Research
Upstream processing, product purification, and product quality
Projects within Research Stream 1 focus on advancing bioprocessing research by deepening our fundamental understanding of the factors that limit process efficiency. The goal is to optimise bioprocess development through a combination of small-scale bioprocesses and innovative process models, all integrated within a cutting-edge bioprocessing platform.
A key innovation of this stream will be the development of advanced bioprocess models, alongside the novel application of commercially available digital technologies to enhance process optimization. These advancements will also inform and seamlessly integrate with the digital tools developed in Research Stream 2, guiding the development of next generation bioprocesses.

Research Stream 1 Projects


Upstream processing media development
Chief Investigators
Professor Greg Martin (Lead), Professor Sally Gras
Research Fellow
Dr Bhagya Yatipanthalawa
PhD Student
Recruiting
This project studies mammalian cell culture production systems for recombinant protein production.
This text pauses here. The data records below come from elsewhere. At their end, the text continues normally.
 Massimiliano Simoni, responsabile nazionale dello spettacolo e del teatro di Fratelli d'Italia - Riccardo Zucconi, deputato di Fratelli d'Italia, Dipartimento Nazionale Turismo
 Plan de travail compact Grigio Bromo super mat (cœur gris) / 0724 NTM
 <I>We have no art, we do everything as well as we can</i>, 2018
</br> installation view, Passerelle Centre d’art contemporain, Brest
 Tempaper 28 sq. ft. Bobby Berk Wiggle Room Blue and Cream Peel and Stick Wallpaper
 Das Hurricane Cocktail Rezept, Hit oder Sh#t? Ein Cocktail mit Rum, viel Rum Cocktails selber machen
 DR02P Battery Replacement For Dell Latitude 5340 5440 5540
Relying on advanced mathematical models including mechanistic, data driven and hybrid approaches to describe recombinant cell cultures and to examine the effect of culture conditions on cell growth, protein productivity and quality. This will establish methodologies to link experimental data, process models and growth and productivity for application by industry for process optimisation.


Upstream processing: Intensification, real time analytics and scaling
Chief Investigators
Professor Sally Gras (Lead), Professor Greg Martin, Professor Bogdan Gabrys
Research Fellow
Dr Mariia Timofeeva
Research Assistants
Dr Kenneth Ng, Timothy Hermanto
PhD Students
Nyssa Nair, Brendan Yu, Kaleb Ferede
New methods to optimise the productivity of recombinant protein production will be assessed in this project through the examination of fed-batch processes. Understanding the impact of process parameters on cell culture kinetics will contribute to the development of new mathematical models to describe cell growth as a function of time and across scales. Real-time analytics and predictive modelling will improve process control and cell growth to achieve real-time platform control.
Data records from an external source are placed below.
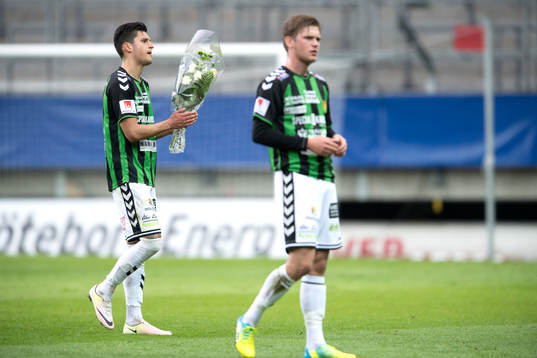 GAIS Luka Mijaljevic deppar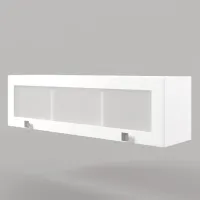 Dulap suspendat ML-Mobila МИРА № 8 White photo 4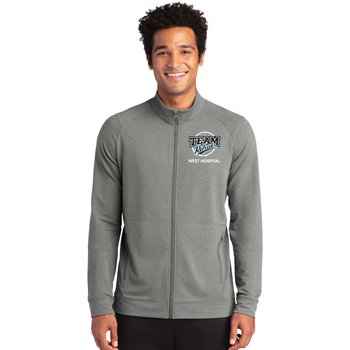 Rehab & Physical Therapy Sport-Tek® Men's Sport-Wick® Flex Full-Zip - Embroidered Personalization Available from Positive Promotions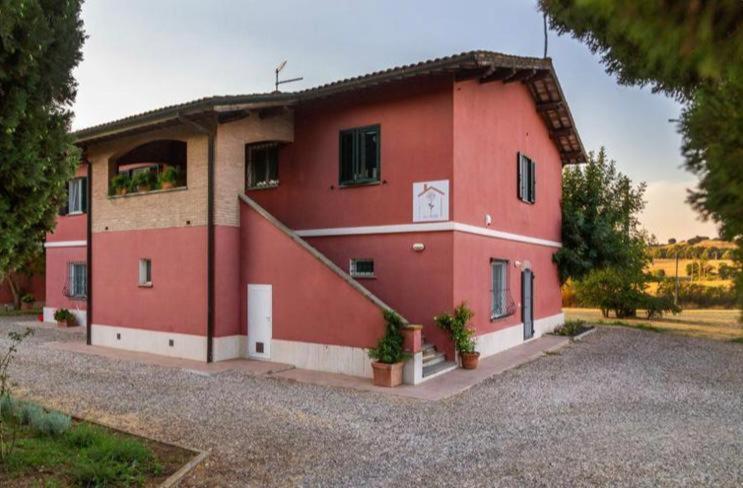 Il Casale Delle Rose Aparthotel Paganico  Exterior foto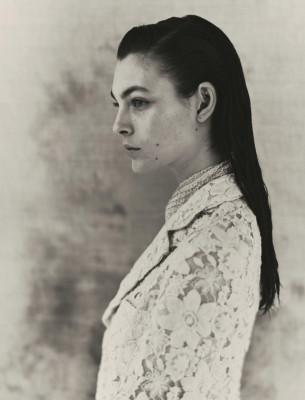 Vittoria Ceretti - Interview Magazine 2018 by Paolo Roversi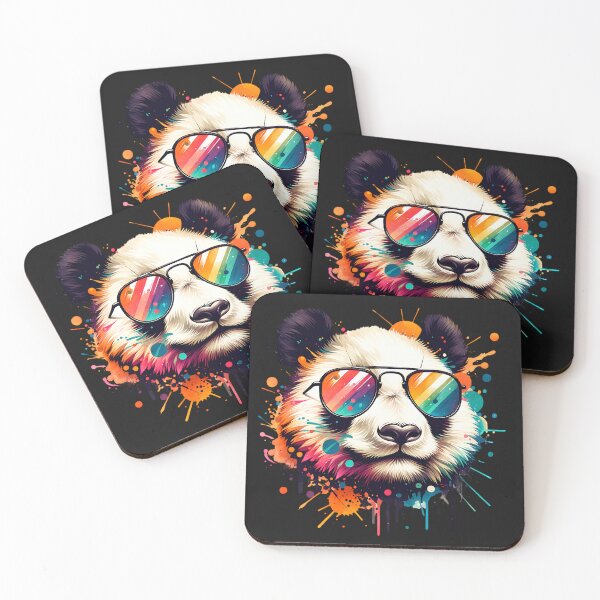 Item preview, Cool Panda wearing Sunglasses designed and sold by AwesomeBeyondLimits.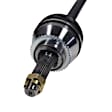 NCV51600 Front, Driver Side Axle Assembly - Sold Individually, 2.4L, 4Cyl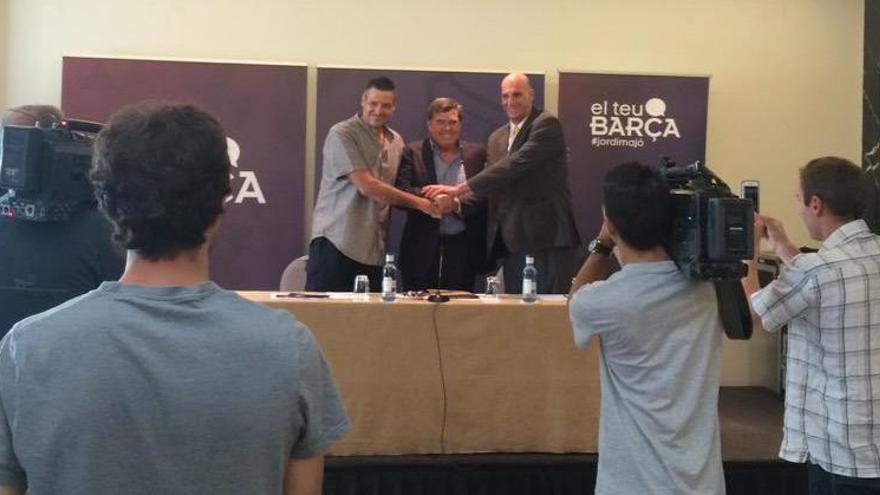 L&#039;Uni vestirà de blaugrana si Jordi Majó és el nou president del Barça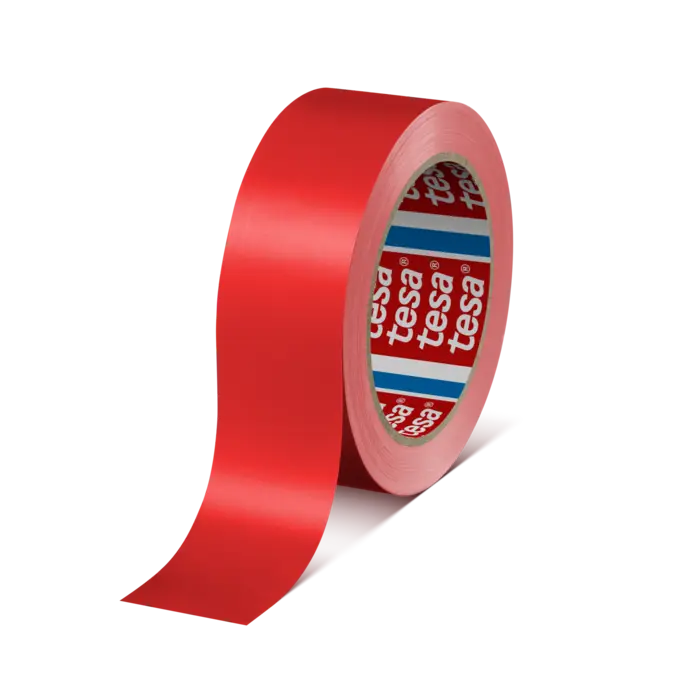 tesa 61126 66m x 50mm, rot, 125µm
Mechanistic model development for downstream processing
Chief Investigators
Professor Sandra Kentish (Lead),
Dr Ling Luo, Professor Sally Gras
PhD Student
Michele Discepola
Process performance and key unit operations within the downstream processing of monoclonal antibodies are the focus of this project. Improved process optimisation and control will be achieved through Process Analytical Technologies (PAT) for real time data collection combined with mechanistic models.
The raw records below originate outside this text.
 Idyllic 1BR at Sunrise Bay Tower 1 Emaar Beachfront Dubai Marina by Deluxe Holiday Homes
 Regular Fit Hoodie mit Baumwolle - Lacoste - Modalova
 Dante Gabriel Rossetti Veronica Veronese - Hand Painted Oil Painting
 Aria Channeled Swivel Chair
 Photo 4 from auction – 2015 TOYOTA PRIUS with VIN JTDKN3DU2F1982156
Membrane adsorbers as replacements for resin chromatography
Chief Investigator
Professor Sandra Kentish (Lead)
Research Fellow
Recruiting
PhD Student
Kauthar Maalim
This project explores the reduction of processing times and the net cost of operations through the use of membrane adsorbers and particulate filtration devices to replace process steps that currently use packed bed systems. The research seeks to develop new mechanistic, data driven and hybrid approaches to model and optimise purification processes.


Product Quality
Chief Investigators
Dr Celine Valery (Lead), Professor Sally Gras, Professor Sandra Kentish
PhD Students
Nimish Pradhan, Vinodya Karunadhika
Gaining a better understanding and control of the factors leading to high quality room temperature stable drug products is the focus of this project. Using experimental screens and data, mathematical and digital models and predictions of process conditions and formulations, the findings will impact on methods for recombinant protein purification, long term protein stability following production and storage, and provide new formulation and screening capabilities.